Andrus and Melby give the Green Scene signature to their Spinach Hummus by adding a full bulb of roasted garlic. Garlic develops a sweet, caramel-like flavor as it roasts in the oven, giving the hummus a whole new dimension of flavor.
“Another trick we use is to cook garbanzo beans with a piece of kombu, a sea vegetable,” says Andrus. “The kombu helps to break down the gas-causing sugars that can be an issue for some people when they eat beans, including garbanzo beans. This trick works well for bean soups too.”
If you don’t care to cook dried beans, hummus can be made with canned garbanzo beans. It takes just a few minutes to wilt some spinach in a hot pan before it’s added to the food processor. A food processor makes quick and easy work of pureeing the short list of ingredients together. A high-powered blender will work, but it may require the addition of water or broth to keep it from clogging up.
When I got the Green Scene Spinach Hummus home, I dipped into it with slices of fresh red pepper, celery, carrots and jicama. Then I spread the earthy green hummus on triangles of warm pita bread. After that, I started eating it with a spoon. The next day I contacted Erin Andrus to ask if she would share the recipe. She did.
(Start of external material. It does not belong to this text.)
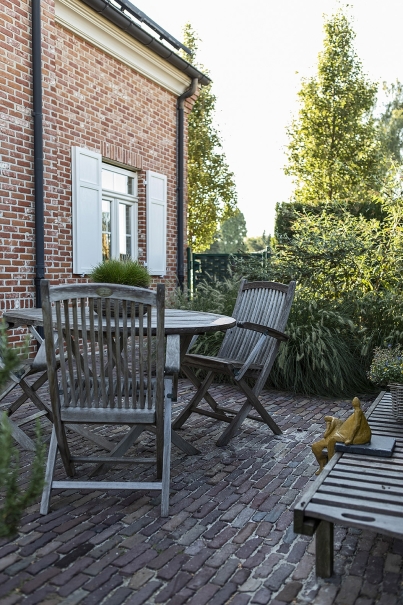 tuin betonklinkers oprit zwembad tuin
I used fewer garbanzo beans than the original Green Scene recipe calls for. It was just right for me. Roast a couple extra bulbs of garlic as long as you have the oven turned on. They keep well in the refrigerator for a week. Spinach Hummus won’t be around that long. You’ll need those extra bulbs of roasted garlic to make more. It’s a great way to eat your spinach. It’s a great way to eat your vegetables, too.
To learn more about Green Scene Fresh Organic Market, visit www.walkergreenscene.com.
1 tablespoon olive oil
8 ounces fresh spinach
1 whole garlic bulb, roasted
1 (15-ounce) can garbanzo beans, rinsed and drained
1/2 cup tahini
Juice of 1 lemon
1/2 teaspoon salt or to taste
Heat olive oil in a 10-inch skillet. Add half of the spinach. Stir until spinach is wilted. Transfer wilted spinach to food processor. Add remaining fresh spinach and process until finely chopped. Add remaining ingredients and process until well blended. Store in a sealed container in the refrigerator for up to a week. Makes about 2 cups.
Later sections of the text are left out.